Excerpted records:
=== Begin Enclosure ===

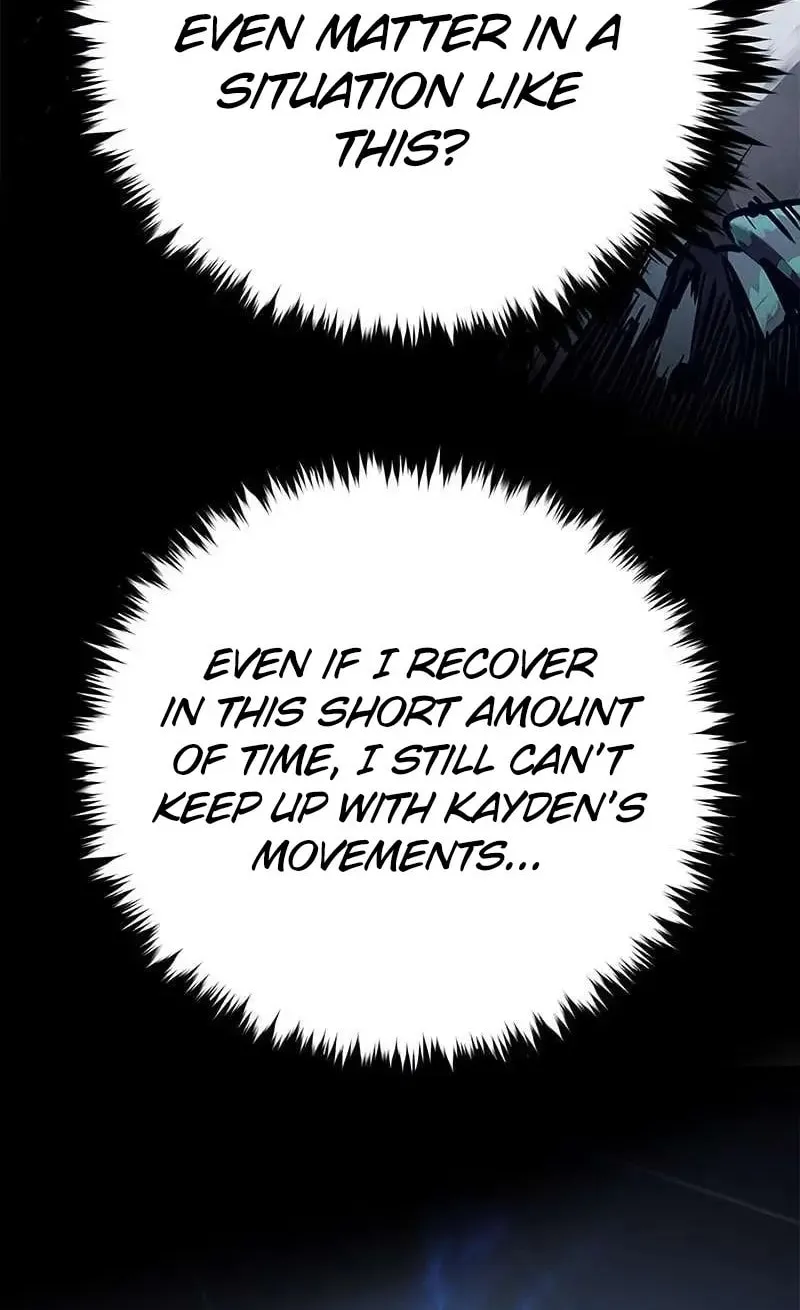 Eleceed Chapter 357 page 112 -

=== End Enclosure ===
=== Begin Enclosure ===

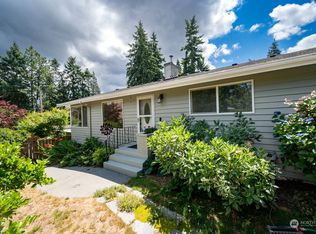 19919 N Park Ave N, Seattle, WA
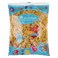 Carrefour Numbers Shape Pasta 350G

=== End Enclosure ===
=== Begin Enclosure ===

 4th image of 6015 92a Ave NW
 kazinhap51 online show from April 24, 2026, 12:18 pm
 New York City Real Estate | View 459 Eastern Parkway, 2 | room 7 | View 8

=== End Enclosure ===

Instructions to follow: All lines above from the one holding "4th image of 6015 92a Ave NW" to the one holding "New York City", inclusive, are to be copied exactly; no other line is wanted.

Task result:
 4th image of 6015 92a Ave NW
 kazinhap51 online show from April 24, 2026, 12:18 pm
 New York City Real Estate | View 459 Eastern Parkway, 2 | room 7 | View 8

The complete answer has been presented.